Table 2 The results of Soft-NMS with different Nt on Pascal Faces

4 Experiments

4.1 The dataset and setup

The proposed face detection algorithm is evaluated on two face datasets (Pascal Faces and FDDB).FDDB [10] face dataset includes 5171 annotated face images from 2845 images with 300 × 400 resolution captured from the wild environment. Pascal Face [29] is widely used face dataset. It includes 1335 annotated face from 851 images.

Our proposed method is compared with some of the classical algorithms mentioned: Faceness, DDFD, HeadHunter, Structured Models, Google Picassa and Face++.

ROC (True Positive Rate-False Positive) curve and PR curve (Precision-Recall) are used as performance measure. The experiments are conducted on a computer server (Ubuntu 14.04.01, Geforce GTX Titan X with 12G × 4 and mxnet framework).

4.2 Experimental results

The curve of precision-recall on the Pascal Faces dataset is shown in Fig. 10. It can be seen that the proposed method exceeds Faceness and DDFD by nearly two percentage. It also has certain advantages compared with the face detection results of two commercial systems (Picasa and Face++). As observed from the results, the improved cascaded convolutional neural network can improve the accuracy and increase the speed of the detector due to the fact that non-face window is quickly eliminated through the shallow network.

Fig. 11 and Fig. 12 show the detection results of different methods (e.g. Faceness, DDFD, Cascade CNN, DP2MFD, CCF, HeadHunter and the method proposed in third chapter: ACF-DPF-Ours) on the FDDB dataset using the two different evaluation criterions respectively: discROC and contROC.

It is shown in Fig. 11 that the detection result of the discrete score on the FDDB data set is 93.4%; Compared with other convolutional neural networks (Faceness: 90.3%, DDFD: 84%, Cascade CNN: 85.6%), the result is further improved. For some classical methods (DP2MFD: 91.3%, Yan et: 85.2%, ACF-DPF-Ours: 85.41%) and a method that combines convolutional features with traditional features.

(CCF: 85.9%), the result is significantly improved; Fig. 12 shows that the continuous score of the FDDB dataset is 69.5%. The continuous score of the method has no advantage compared with other deeper convolutional neural networks, but it is significantly improved compared with classical method by adding traditional classifiers. From the evaluation results on the FDDB dataset, we can conclude that our proposed face detector achieves better results with discrete scores when the number of false detections is certain, but the continuous score is not promising and remains to be further improved by adjust the positioning of the rectangle.

4.3 Detection examples

Figure 13 qualitatively shows some detection examples of our proposed method. It can be seen that the proposed method can detect some hard faces in uncontrollable natural backgrounds, including faces with changes in occlusion, posture and angles. However, missed detection occasionally occurs particularly if the image is over-shadowed and the face is too small.
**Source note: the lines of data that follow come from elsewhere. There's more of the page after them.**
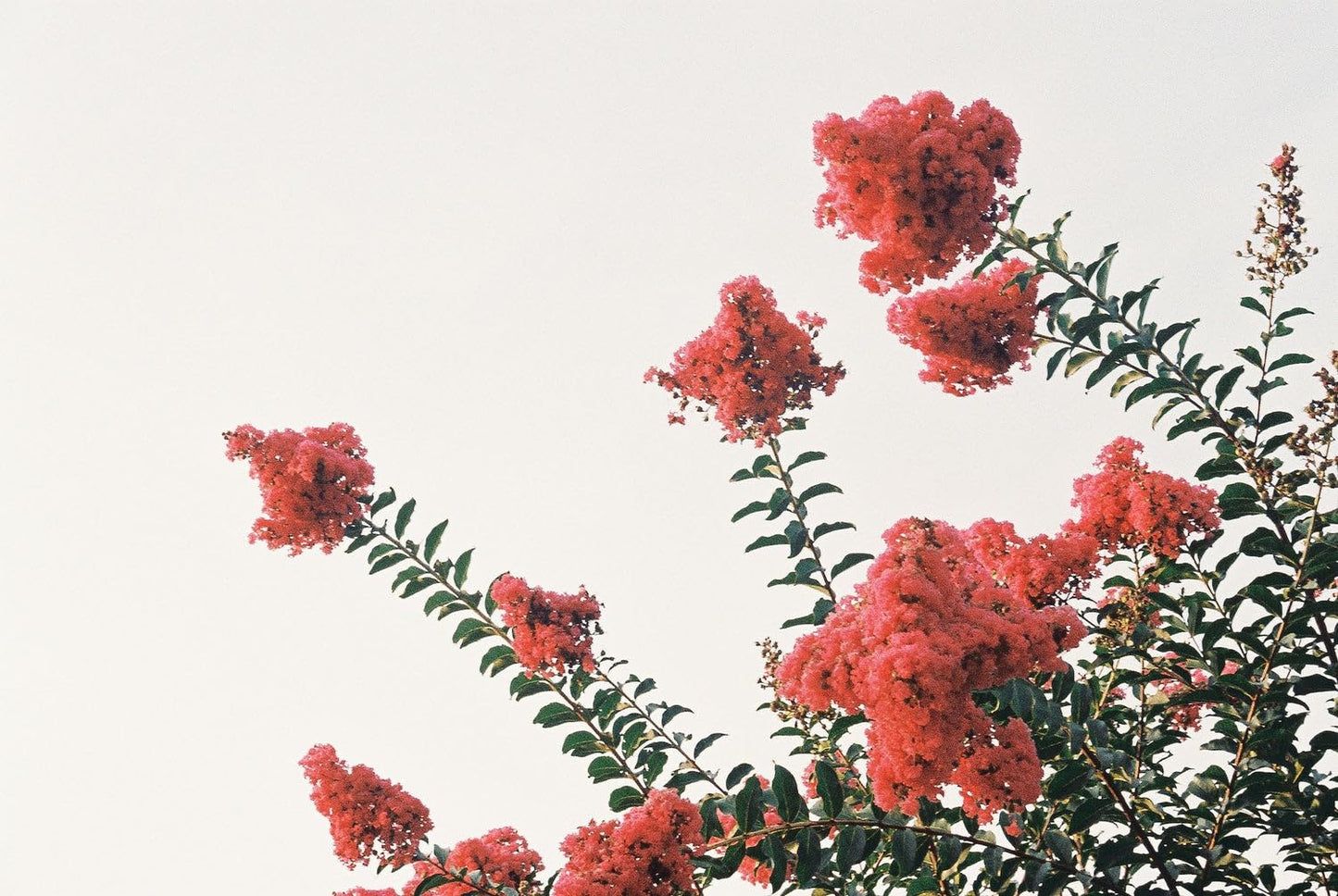 Crape Myrtle Dynamite Red Garden Tree - Fast Growing Flowering Live Plant Vibrant Red Blooms, Heat and Drought Tolerant, Low Maintenance, Ideal for Landscaping and Privacy Screens (1gal Pot, 2-3ft)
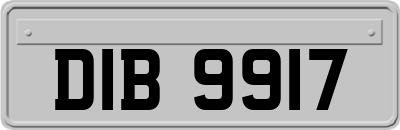 DIB9917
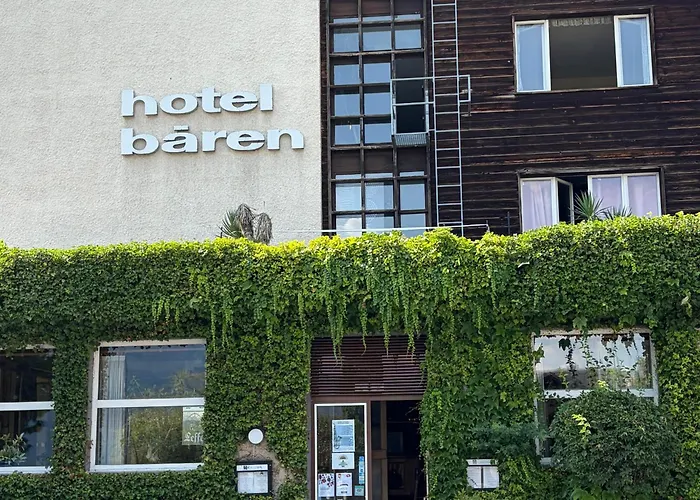 Seehotel Bären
This is related to the decreasing pixel features of the convolutional layer, which will be addressed in our future research.

5 Conclusion

In this paper, we have presented a new cascaded convolutional neural network for face detection. Firstly, we feed a low-pixel candidate window to a shallow convolutional neural network which can quickly generate the candidate windows. Secondly, the features of two higher pixel convolutional neural networks are combined via weighted threshold to refine the candidate windows. The whole network is further improved by hard sample mining and joint training. We evaluate our proposed method on PASCAL Faces and FDDB face datasets. The experimental results show that our proposed method achieves the superior performance compared to other methods.